Estimates for the SEM and the MDC for each of the 5 instruments are summarized in Table III. The MDC as a percentage of the absolute scale range primarily ranged between 20% and 30%. The estimate of 13.5% for the Education domain in the PM-PAC and 67.0% for the Education question in the KAP were based on small samples. Due to the high ceiling effects it would not be possible to detect improvements beyond measurement error for most of the instruments (IPA, KAP, PM-PAC, WHODAS II). It also would not be possible to detect deterioration in 3 POPS objective domains (Major Life Areas; Interpersonal Interactions and Relationships; Community, Recreational and Civic Life) due to floor effects. The Bland and Altman plots for the 5 instruments were reviewed and the differences between the 2 tests for each domain were not dependent on the levels of the domain scores in the 5 instruments (data not shown). A summary of the results is included in Table IV.
Table IV. Summary* of the study results for the score distribution and reliability |
Criteria | IPA | KAP | PM-PAC | POPS OBJ | POPS SUBJ | WHODASII |
Score Distribution (Floor/Ceiling) | + | + | + | +++ | +++ | ++ |
Reliability | | | | | | |
1) Internal Consistency | +++ | NA | +++ | NA | NA | +++ |
2) Test-retest Reliability | ++ | + | ++ | ++ | + | ++ |
(ICC/weighted kappa) | | | | | | |
3) Test-retest Reliability | ++ | + | ++ | NA | ++ | ++ |
(SEM/MDC) | | | | | | |
*Ratings: +++ met criteria; ++ partially met criteria; + results primarily did not meet criteria.

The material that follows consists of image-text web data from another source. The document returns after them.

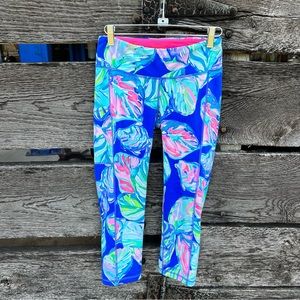 Lilly Pulitzer Luxletic 21" Weekender leggings in Multi Casa Del Sol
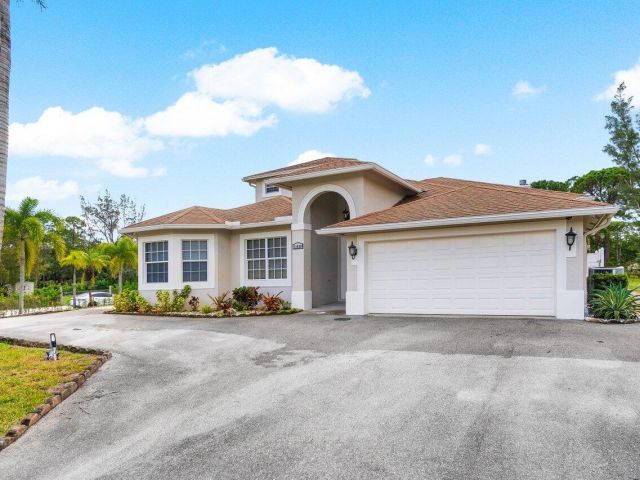 Home for rent at 11538 Persimmon Boulevard - photo 6506545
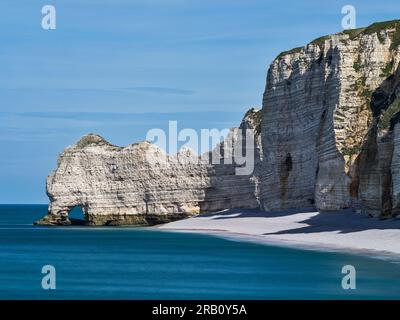 Blick auf die Porte d'Amont, Normandie. Stockfoto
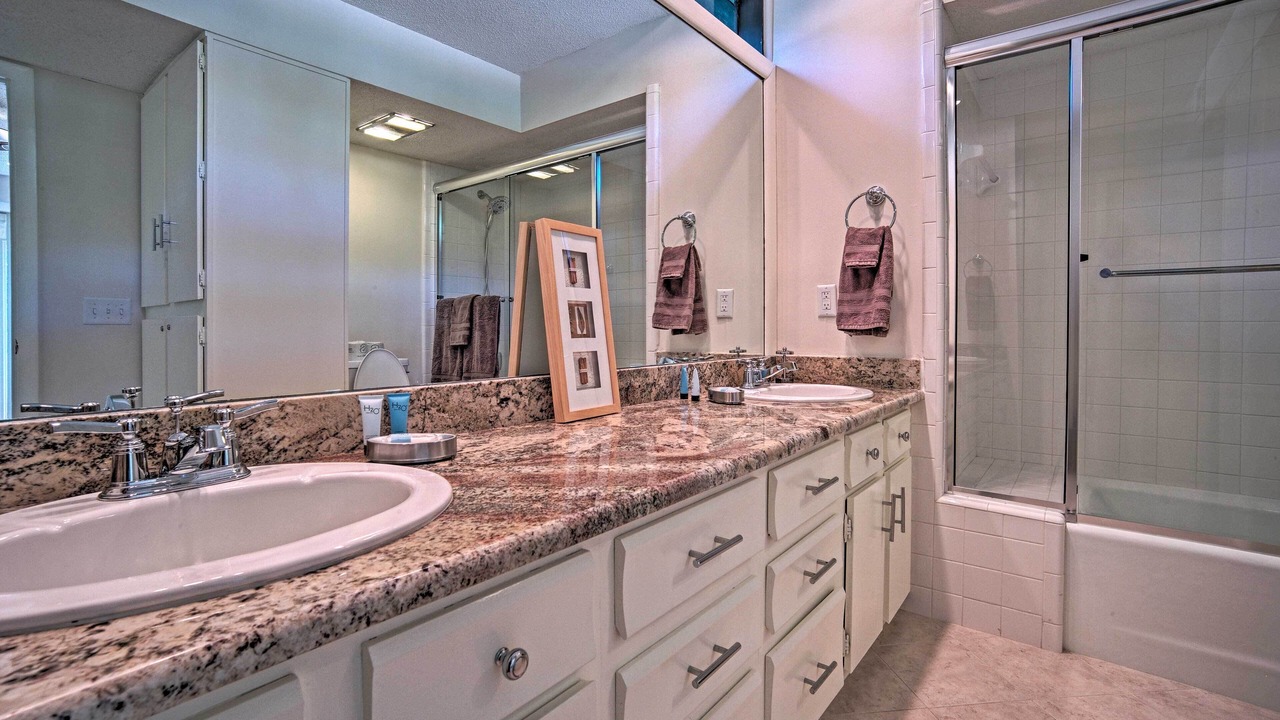 Photo of Bathroom in Shipyard Plantation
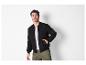 Homme portant une veste bomber noire et un pantalon cargo vert.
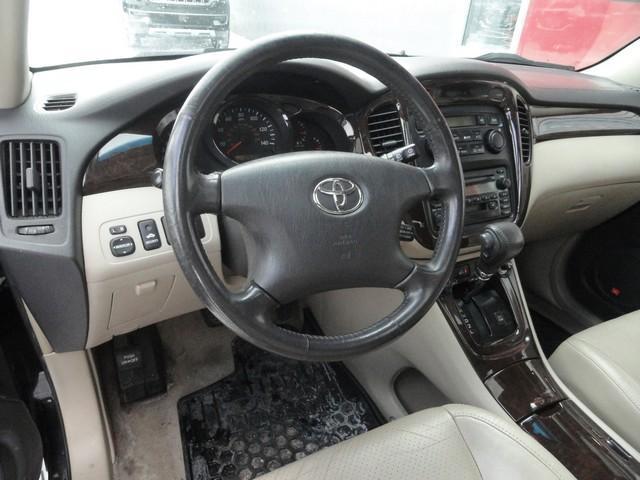 used 2003 Toyota Highlander car, priced at $5,455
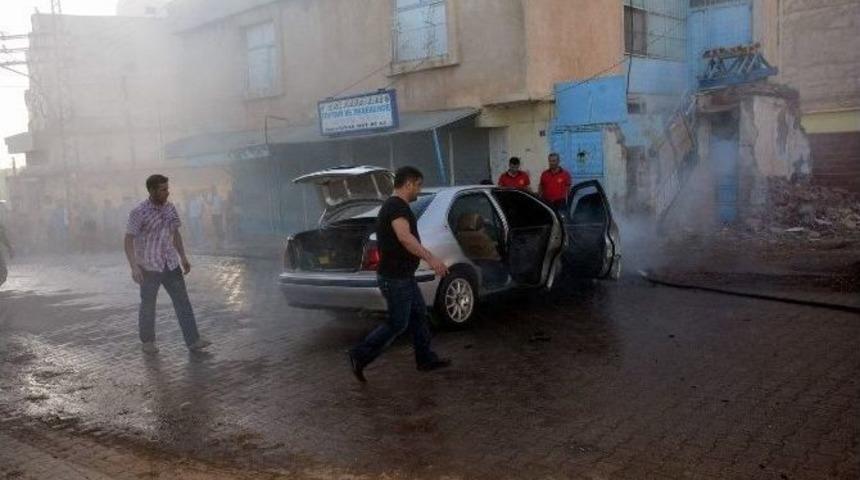 Siverek&rsquo;te &Ccedil;alıştırılmak İstenen Otomobil Yandı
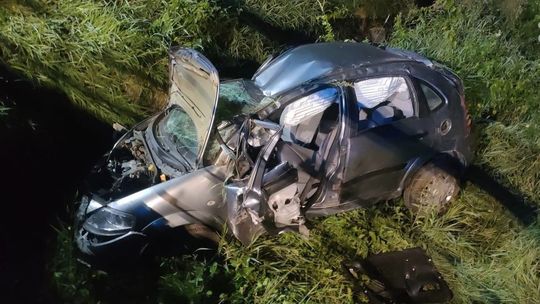 Nocne dachowanie samochodu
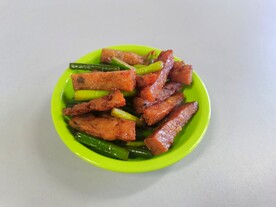 蒜苔炒肉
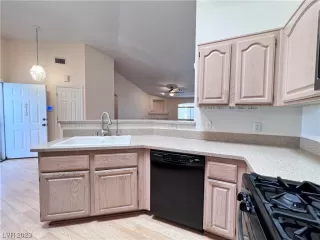 Photo #4: 2506593 Listing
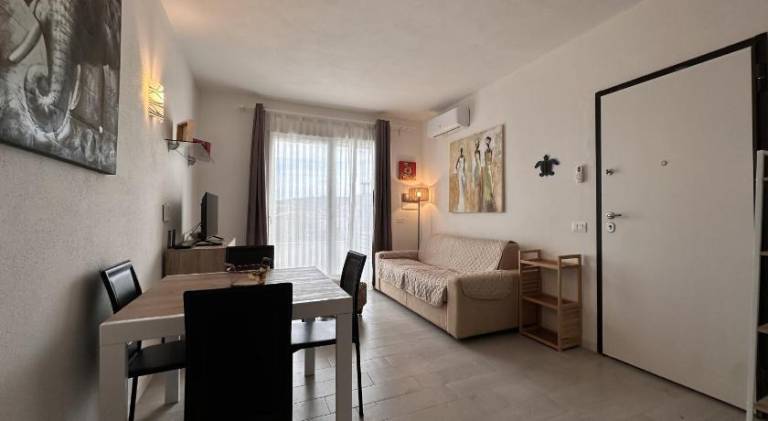 Rental apartment with terrace & private pool — photo 2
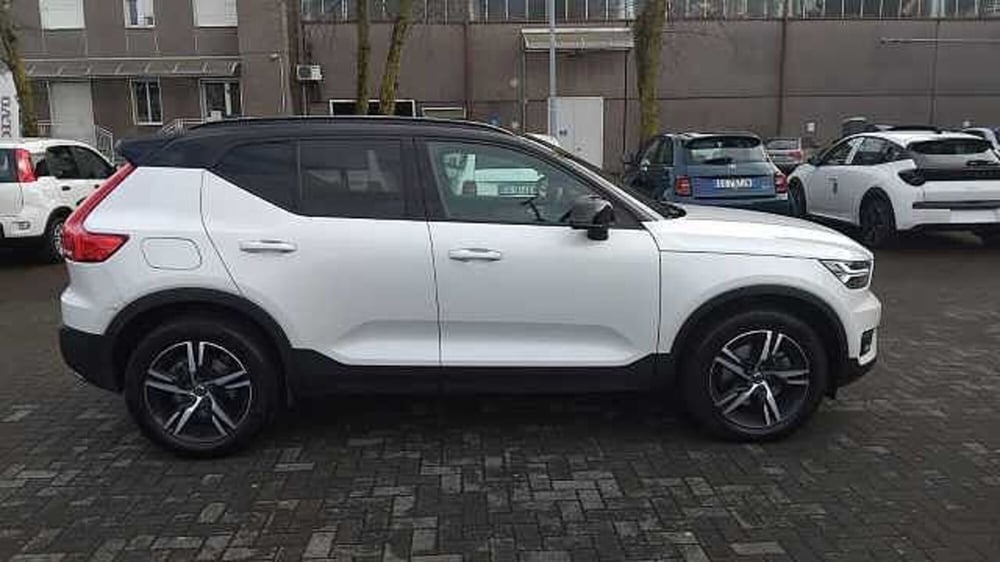 Volvo XC40 usata a Milano (6)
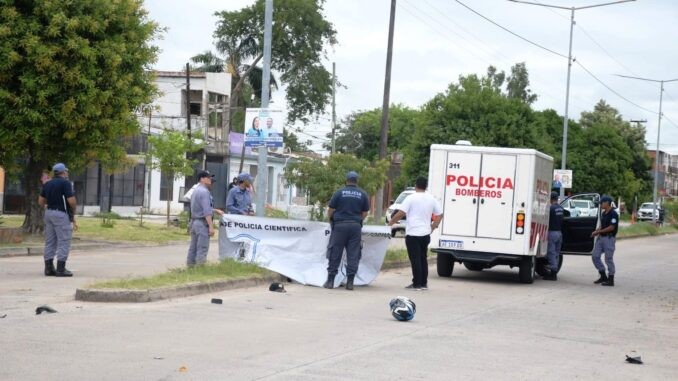 Un motociclista perdió la vida tras chocar violentamente contra un poste: aún no se estableció su identidad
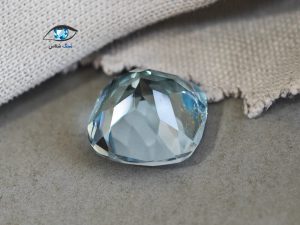 توپاز آبی طبیعی 2.4 قیراط - Image 3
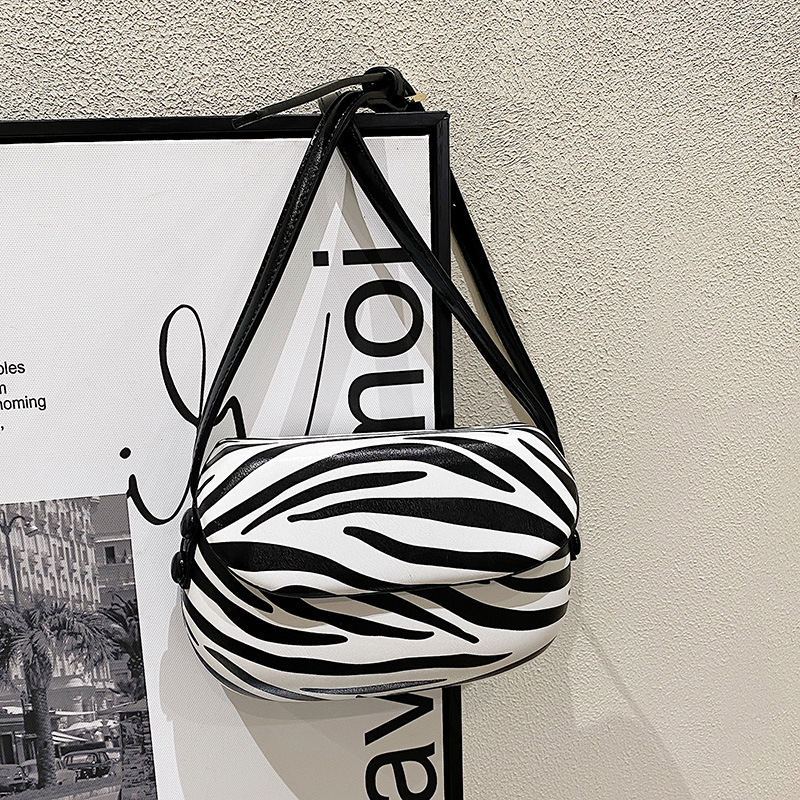 Bolsos de silla de montar retro coreanos nuevos bolsos de hombro único en verano 2022 moda y simplicidad bolsos de teléfono móvil para mujeres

ICC: intraclass correlation coefficient; MDC: minimal detectable change; NA: not applicable; SEM: standard error of measurement; see Table II for instrument abbreviations. |
DISCUSSION
To our knowledge this is the first direct comparison of participation instruments that are based on the ICF. Overall, internal consistency estimates for the instruments’ domains were acceptable (≥ 0.70); however, large ceiling effects were present in most of the instruments. The test-retest reliability data suggest that the instruments are able to discriminate at a group level (≥ 0.70). Estimates of the SEM and MDC indicate it would be difficult to detect improvements at an individual level due to the ceiling effects.
The results for ceiling effects are consistent with previous studies (7, 8). We observed large ceiling effects in domains related to self-care, economic life, and interpersonal interactions and relationships (IPA, KAP, PM-PAC, WHODAS II). Domains related to work as well as community, social and civic life had the least problems, but the percentage of the sample with a perfect score was still greater than 15% for most instruments. The KAP had the largest number of ceiling effects; 56% of the sample had a perfect score for each question. The IPA domains Autonomy Indoors as well as Social Life and Relationships are considered the least difficult, which is consistent with other studies (32–35). Ceiling effects were not an issue in the POPS because of scoring algorithm. For the POPS subjective domains, ceiling and floor effects were not common because it was rare for individuals to be completely unsatisfied or satisfied in all important areas for all questions within a domain. Ceiling effects observed in this study may result from subjects either recovering or adapting to their spinal condition and thereby not having many participation restrictions. If the purpose of collecting information about participation is to assess the effectiveness of an intervention, then it would be important to determine if the instruments are sensitive enough to detect a change as a result of an intervention. If, however, the intent is to determine if the subjects are able to achieve a criterion of being acceptable, then the issue of the ceiling effects observed in this study may not be a problem.
Estimates of internal consistency were very good in the IPA, PM-PAC and WHODAS II. All of the IPA domains had a Cronbach’s alpha values between 0.90 and 0.96, and IPA was the only instrument that met the criteria for both individual and group comparisons. The IPA Social Life and Relationships domain had the lowest value for internal consistency (0.90), and this is supported by other studies (16, 35, 36). Internal consistency was also lowest in the domain Getting Along with People (0.81) in the WHODAS II and other studies assessing individuals with health conditions such as stroke, breast cancer, diabetes and osteoarthritis have reported similar findings (7). Internal consistency was not assessed in the KAP and the POPS. It has been suggested that not all the measurement criteria are necessarily relevant when assessing instruments (37). The POPS domains include different types of information, for example there are questions about school and work in one domain, and it does not make sense to assume that a person who works will also attend school (18). In the IPA and WHODAS II there was one domain covering work and school; however, the subjects select the activity that is most relevant to them when answering the questions that will make the responses to the questions more homogenous.
Test-retest reliability estimates based on ICC values were adequate in the 5 participation instruments and our results are similar to other studies. Domains in the IPA, WHODAS II and the PM-PAC (except the Communication domain) met the criterion of having an ICC ≥ 0.70 suggested for measuring group differences and are similar to other studies (16, 17, 38, 39). Very few studies have demonstrated that these participation instruments are able to achieve ICC values ≥ 0.90 recommended for individual comparisons. The study by Sibley et al. (35) was one of the few studies that reported ICC values for the IPA between 0.91 and 0.97, with a two-week interval between tests. Test-retest reliability was higher for the objective participation domains compared with the subjective participation domains in the POPS, which was not the case in individuals with TBI (18). Differences in the ICC values may be due to sample variability or type of ICC used.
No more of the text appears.